Finance Minister Harris Georgiades said that the government guarantees to Hellenic Bank, part of its agreement to acquire the Co-op’s operations, are fiscally manageable, the Cyprus News Agency (CNA) reported on Wednesday.

Revenue from the legacy Cyprus Cooperative Bank, a body tasked to initially manage €7bn in non-performing loans of the failed lender that will come under the ownership of the state following the completion of the deal with Hellenic bank, will cover contingent liabilities. These may result from the €1bn in guarantees against impairments from a possible underperformance of assets acquired by Hellenic, Georgiades told members of the parliamentary finance committee on Wednesday.

“The body will absolutely be in position to pay for possible unexpected impairments without the second guarantor, which is the state, having to jump in,” the finance minister was quoted as saying.

He said that the legacy Co-op will have several hundred million euros in revenue and that only the failure of the Co-op to pay will trigger the guarantees, unlike the case of guarantees extended to loans taken by persons displaced from the northern part of the island in 1974 and their descendants, the finance minister said. In those cases, the government is directly guarantor.

In the case of €6bn in guarantees extended in 2011 and 2012 to banks, there was need to cover only €1bn, he said.

As a result of the issue of €2.4bn in government bonds in favour of the Cyprus Cooperative Bank in April, government debt which fell last year to 97.5 per cent of economic output, has once more increased above the 100 per cent mark. In 2014 and 2015, the government recapitalised the bank with 1.7bn. The transfer of the Co-op’s non-performing loans to the state will substantially reduce the number of delinquent loans in the system of around €22bn or 45 per cent of the total.
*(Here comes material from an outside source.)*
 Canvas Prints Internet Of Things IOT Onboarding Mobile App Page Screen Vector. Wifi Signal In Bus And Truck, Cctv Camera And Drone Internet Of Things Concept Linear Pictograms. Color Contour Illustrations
The finance minister said in response to a question by Akel lawmaker Irene Charalambidou concerning the appointment of the Freshfields Bruckhaus Deringer law firm to advise the government in the transactions with Hellenic that its selection resulted because of previous cooperation it had had with Cypriot authorities in matters of state guarantees.

Charalambidou said that the firm is representing Greece’s MIG Group in an arbitration case filed at an arbitration court in Paris. MIG was run by the late Andreas Vgenopoulos, widely considered responsible for the demise of the Cyprus Popular Bank.
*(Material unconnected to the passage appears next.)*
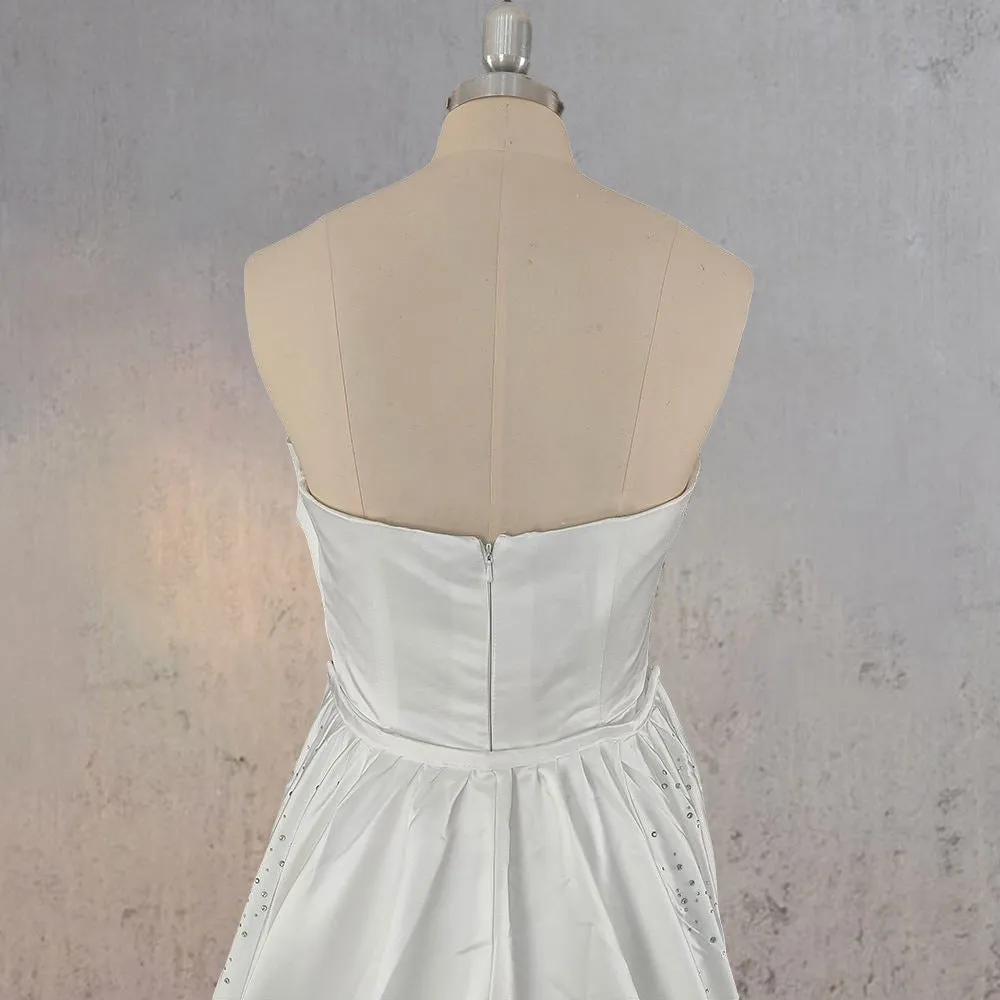 Unique Mermaid Satin Wedding Dress with Beadings sold by KissProm product image thumbnail 5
This company was hired during the tenure of former finance minister Vasos Sharly to advise on guarantees extended to Cyprus Airways, he said, adding that the Association of Cyprus Banks also hired Freshfields Bruckhaus Deringer.

“It is the firm that secured us the commission’s approval,” he said. “Concerning MIG, I only hope that the lawyers we appointed are equally good,” he said.
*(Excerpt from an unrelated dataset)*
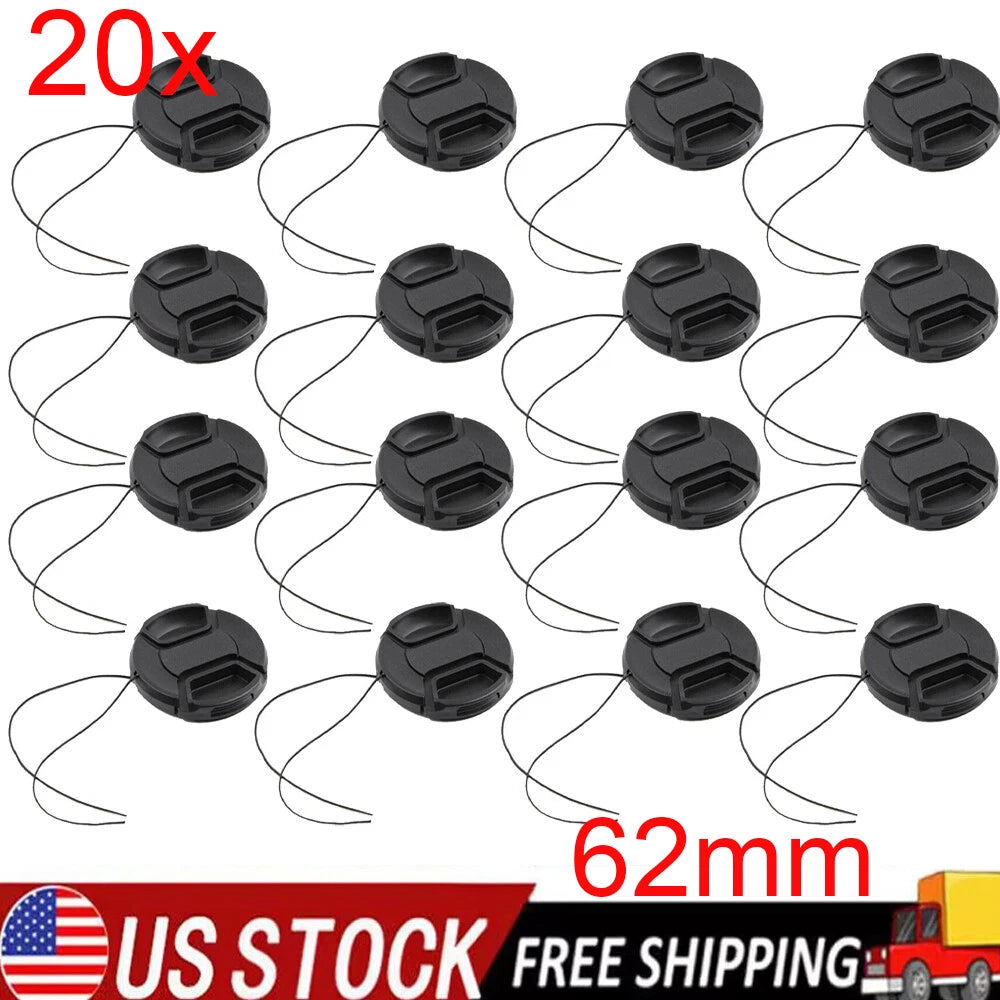 20-Pack 62mm Front Lens Cap for Canon Nikon (No Specific Years)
The finance minister said that the current bank run on the Co-op will have a neutral impact on its balance sheet as withdrawals reduce liabilities in the form of deposits and at the same time assets, in the form of cash, he said.

Communist party Akel criticised the absence of Attorney-General Costas Clerides, the Republic’s legal advisor, from the discussion at the finance committee.

Clerides snubbed an invitation to do so citing the government’s failure to request his feedback on the deal with Hellenic and in particular, the guarantees.